A is the Drawer, B the Drawee, and C the Payee. If the bill is presented to B, and he agrees to obey the order, he "accepts" the bill, and this he does in a mercantile way by writing the word Accepted" across the face of the bill, and also writing his name below this word; then the Drawee becomes the Acceptor. If C, the payee, chooses to transfer the paper and all his rights under it to some other person, he may do this by writing his name on (usually across) the back; this is called indorsement, and C then becomes an Indorser. The person to whom C thus transfers the bill is an Indorsee. The Indorsee may again transfer the bill by writing his name below that of the former Indorser, and the Indorsee then becomes the second Indorser; and this process may go on indefinitely. If the added names cover all the back of the note, a piece may be wafered on to receive more. In France, this added piece is called "allonge," and this word is used in some law books, but not by our merchants.

Promissory notes of hand are written in many ways, which, however, differ only in the different words in which they express

the same thing. We will first give the full Form of a technically accurate note, and afterwards of the more usual forms:

(74.)

For value received, I promise John Smith to pay to him or to his order, one thousand dollars in three months from this day, with interest from date. HENRY SIMMONS.
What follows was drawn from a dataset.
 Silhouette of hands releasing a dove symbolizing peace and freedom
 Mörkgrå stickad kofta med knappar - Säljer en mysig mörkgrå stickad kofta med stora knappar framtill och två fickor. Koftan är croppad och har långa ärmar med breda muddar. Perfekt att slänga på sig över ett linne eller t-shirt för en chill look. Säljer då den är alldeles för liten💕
But promissory notes are seldom, if ever, written in this way in practice. They are shortened and simplified in a great variety of ways, mercantile usages having given a meaning to expressions which the law accepts and enforces. Some of the more common forms in use are as follows:

$1,000 50400

NEW YORK, January 5, 1900. Three months after date, I promise to pay to the order of John Smith, one thousand 50/100 dollars, at the North River Bank, value received.

HENRY SIMMONS.

If it is intended that more than one person shall be liable on the note, the following is a customary form:

$1,000 50/100

NEW YORK, January 5, 1900.

Value received, we jointly and severally promise to pay to Robinson, Wellman & Co., or order, one thousand 50/100 dollars in three months from date.

"With interest" may be added if that is agreed upon, otherwise it bears no interest until after it is due. So it may be "on demand," in which case it bears no interest until after demand is made; "after date" or "from date," should be written, although the law would supply these words.
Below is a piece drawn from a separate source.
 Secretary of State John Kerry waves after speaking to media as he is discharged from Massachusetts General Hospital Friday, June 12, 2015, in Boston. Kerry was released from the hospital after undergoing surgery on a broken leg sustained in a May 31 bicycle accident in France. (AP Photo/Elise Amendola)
If the note be signed by more than one person, all the signers, whether the note says "I promise" or "We promise," are liable jointly; but in the latter case only jointly, and not jointly and severally unless the note says so.

Where the promise is joint, suit must be brought against all the promisors together; where it is joint and several the holder may elect whether to sue all jointly or to confirm his claim to one or more of the individual promisors. In the latter case he may recover the whole amount of the note from one promisor, leaving the latter such remedies for contribution as he may have against the others.
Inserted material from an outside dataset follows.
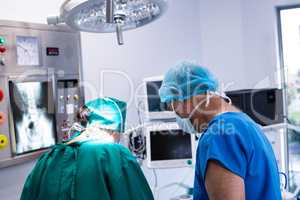 Male and female surgeon working in operation theater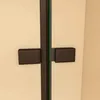 A close-up view of a shower enclosure's dark gray frame and glass with a thin green line visible between the panels. Produktbild-Vorschau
Generally speaking, notes are not made payable at any particular place. But they may be made payable at any bank, or the promisor's own house or office, or wherever else he chooses. The effect of making a note payable at a certain place is this: In this country neither a promissory note nor a bill of exchange, drawn payable at a certain place, nor a bill accepted payable at a certain place, need be presented at that place in order to sustain an action against the maker of a note or the acceptor of the bill; but he may show, by way of defence, that he was ready at that place with funds to pay the note or bill, and then he will escape all damages and interest. And if he can show a positive loss from the want of such presentment,-as, for instance, by the subsequent failure of a bank where he had placed funds to meet the note or bill,-he will be discharged from his liability on the paper to the amount of the loss. But the drawees of the bill and the indorsers of the bill or note are discharged by a neglect to demand payment at such specified place.

In some States, Indiana for example, it is customary to add "without relief from valuation and appraisement laws"; and also, "if the note is not paid at maturity five per cent. shall be added and collected as attorney's fees."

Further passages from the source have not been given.